Kerschbaugher v. Slusser

12 Ind. 453 | Ind. | 1859

Hanna, J.

This was an action for slander. Three sets of words were laid in the complaint, as having been spoken by the defendant. One set laid in the German language, with an English translation. Two sets in the English language. General denial. After the plaintiff had closed his evidence to the jury, the defendant asked and obtained leave, over the objection of the plaintiff, to file an answer, setting up the statute of limitations.

The Court refused to give the following instruction asked by the plaintiff:

“ That under the present practice, no language can be recognized in the pleadings but the English; hence, it is *454unnecessary for the plaintiff in the case to allege the slanderous words to have been spoken in any other language than the English, although they might have been spoken in a different language.”

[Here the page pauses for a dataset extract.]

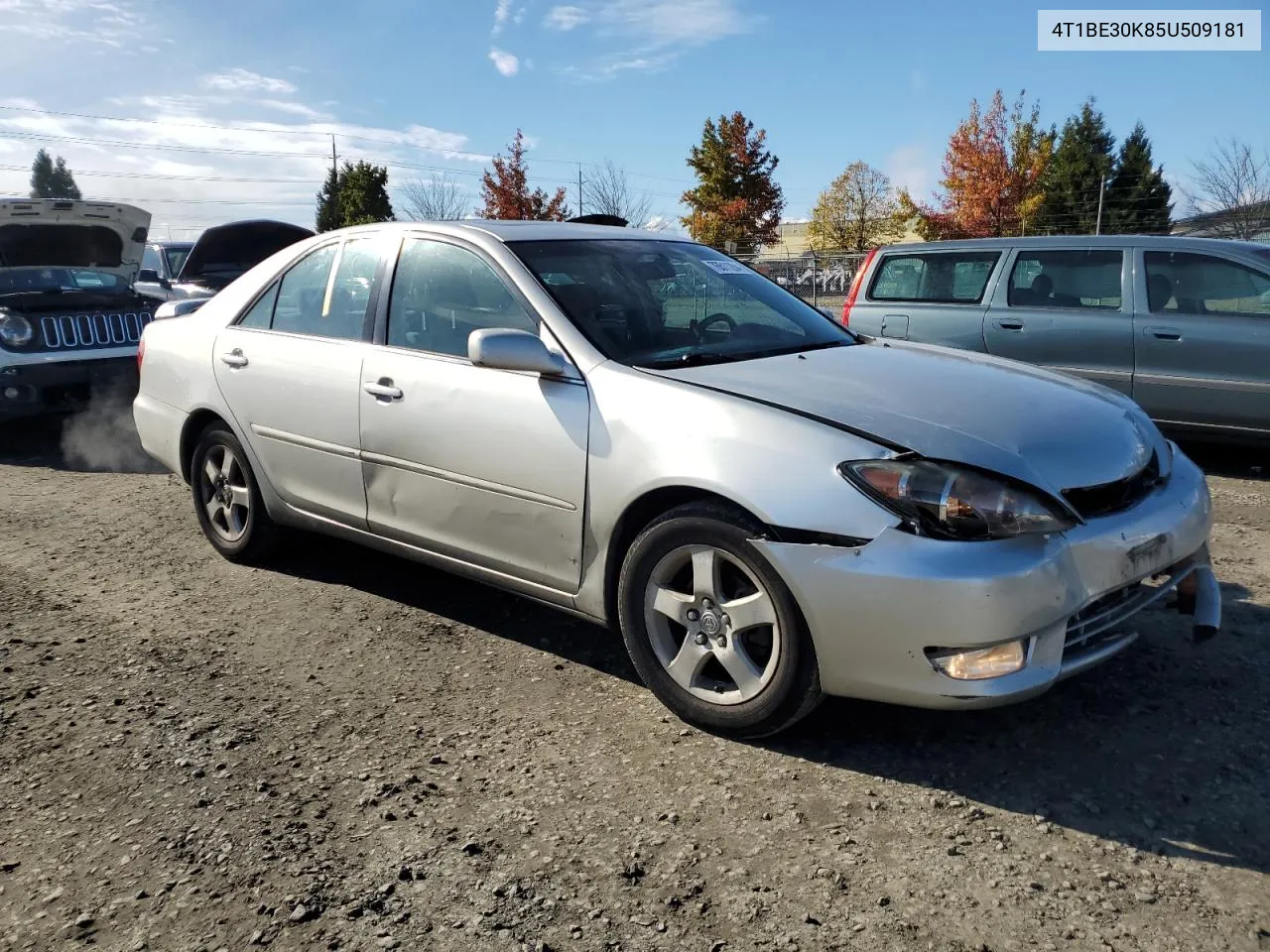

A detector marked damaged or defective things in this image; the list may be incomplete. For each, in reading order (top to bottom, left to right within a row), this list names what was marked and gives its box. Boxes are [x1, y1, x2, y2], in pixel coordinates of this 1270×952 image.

The jury found generally for the defendant, and also as follows, upon special points, to-wit:

“ Question 1. Did the defendant speak, of and concerning the plaintiff, the' following words in the German language, and if so when:—‘ Conrad could have stayed in my house longer, if he had not stolen corn out of my crib, but by his stealing corn he must leave ? ’

“ Answer. ‘ Yesin April, 1854.

“ Question 2. Did he speak the following words, and when:—‘ Conrad stole corn out of my crib, now he must leave my house?’

“ Answer—‘ Yes;’ time not proven.

“ Question 3. Did he speak the following words, and when:—‘ Plis fingers are too long, so long that they reached into my corn crib, and took my corn out of it?’

“Answer. ‘Yes;’time not proven.”

The speaking, in the answer to the first question alluded to, was, it will be observed, barred by the statute, if that was properly pleaded. And as to the sets of words in the other two special questions mentioned, there is nothing in the complaint showing, by averment or otherwise, that they were spoken in any language other than the English. It is, therefore, insisted that, as the publication of the slanderous words is found by the jury to have taken place, as in said sets of words charged, the general verdict would have been for the plaintiff, but for the refusal of the Court to give the instruction asked. The ruling of the Court was right. Where the words were uttered in a foreign language, the averment should be in accordance with the fact, setting forth the words in that language, together with a translation thereof. If they are alleged as having been spoken in the English language, it will be a variance if the proof is that they were spoken in a foreign language. 3 Phil. Ev. (10th ed.) p. 551. We do not think, *455as is insisted by the appellant, that our new system of procedure has changed the rule in that respect.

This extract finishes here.